I read this fascinating paper recently. It talks about a method of ensuring survey respondent privacy ("differential privacy", see The Algorithmic Foundations of Differential Privacy), which is being used more and more in government and private industry. They said "Randomization is essential; more precisely, any non-trivial privacy guarantee that holds regardless of all present or even future sources of auxiliary information, including other databases, studies, Web sites, on-line communities, gossip, newspapers, government statistics, and so on, requires randomization." The DIEHARD tests also come to mind as useful things involving pseudorandomness.

Briggs can argue that writing against causality is self-defeating (because there is cause in writing a book), but then one can just argue that arguing against writing against causality is self-defeating because the jury is still out on if randomness exists. Perhaps randomness in our universe's formation, or at the quantum level, or random mutations, allowed book writing entities to form and write books arguing for causality and against randomness? The hypothetical game is pretty easy to play. Or perhaps there is a combination of causality and randomness in the universe, which seems more likely in my opinion.

Fairness

"fair, what else can it mean but to claim that each side is perfectly symmetric, even down to the quantum level". This is done by goodness of fit tests, comparing expectations from a sensible model to observed data.

I'll say that if the true probability of heads (which no one ever knows) is .50 and I estimate it from sound experiments to be .4999999991, I will not lose an iota of sleep, much like engineers who use a few digits of pi in their calculations.

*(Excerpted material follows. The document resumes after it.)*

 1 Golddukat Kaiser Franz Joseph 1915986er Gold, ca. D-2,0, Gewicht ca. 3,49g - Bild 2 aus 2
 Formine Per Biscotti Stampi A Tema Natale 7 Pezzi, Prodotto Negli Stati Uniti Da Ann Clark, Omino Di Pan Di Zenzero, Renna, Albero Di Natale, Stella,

This is a common argument Briggs makes, that one needs to prove something exact, or have an actual infinity. In reality, no branch of any science can do this and it is a strawman argument. Casinos and lotteries are a treasure trove of empirical evidence of demonstrating the fairness of physical objects.

Say you have a die and the relative frequencies look like they are converging on 1/6. Now you cut a small chunk off of a corner. After some trials, you find that this changes the relative frequencies away from 1/6. This suggests that probability is a physical trait and not as Briggs suggests in the mind. One could also design say a dice rolling or coin flipping robot and have it record frequencies. These frequencies too will converge with no human mind involved.

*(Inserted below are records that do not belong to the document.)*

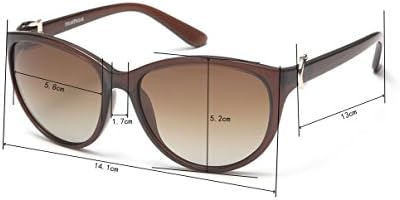 Polar Solar Women's UV400 Protection Polarized Round Sunglasses,Gift Idea (Shiny Black Frame+Shiny Black Arm+G.Grey Lens)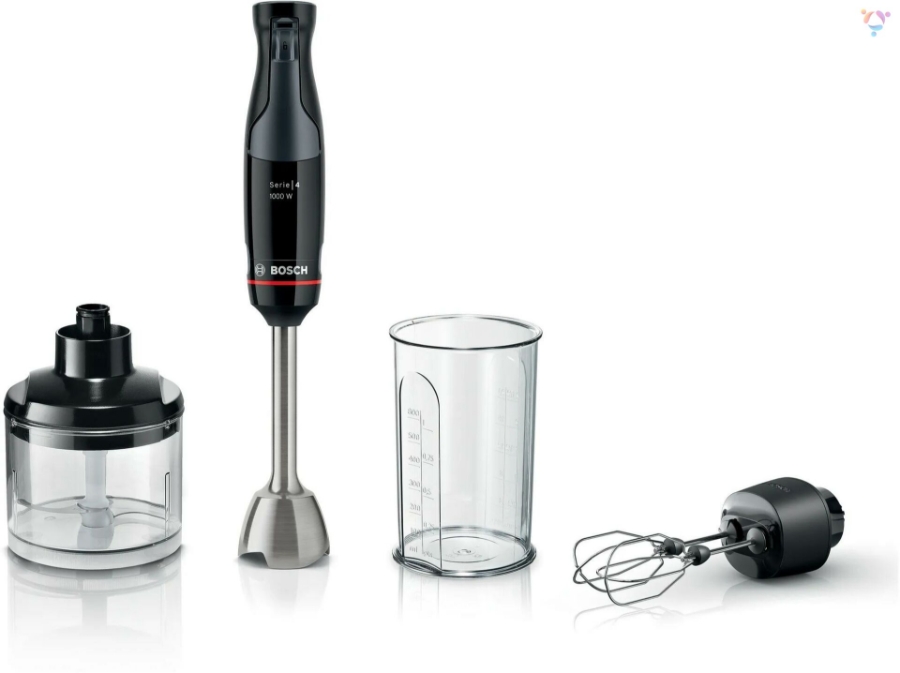 Bosch MSM4B624 Stabmixer 1000W mit Doppel-Schneebesen Schwarz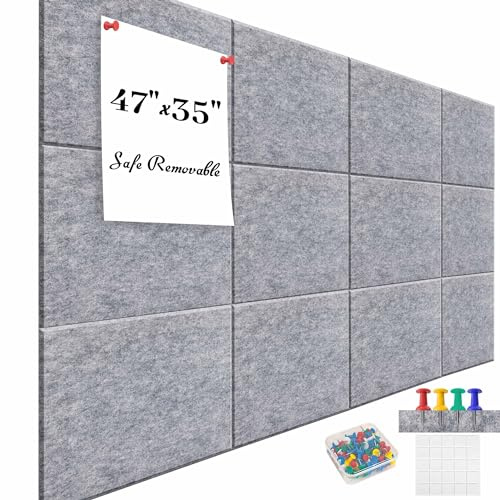 Filz-Wandfliesen aus Filz, 12 Stück, 119,4 x 88,9 cm, große Korktafel/Korkfliesen, alternative, sichere abnehmbare Filztafeln für Wände, Filztafel für Büro, Filz-Pinnwand, Hellgrau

Briggs' example using a number between 2 and 12 inclusive (I'll call that "this event") being P(this event) = 1/11 in one setting and P(this event) = 1/36 in another setting being evidence against probability being physical is not convincing. It is not because, as even Briggs says, probabilities are conditional (or as I would say, we speak of probabilities within a reference class). In the first case, it is P(this event|rule set 1). In the second case, it is P(this event|rule set 2). The two conditions or reference classes are different. Briggs has admitted with this example that the sample space does matter, actually providing an argument for the frequentist approach.

Parameters

The average weight of an adult person in the United States when you get to the period at the end of this sentence is W1. That W1 is reality, since weights are reality, and average weights are reality, but one could not observe it, because we could not literally go out and weigh each and every person. It is a parameter, and parameter is to population what statistic is to a sample (parameter:population::statistic:sample).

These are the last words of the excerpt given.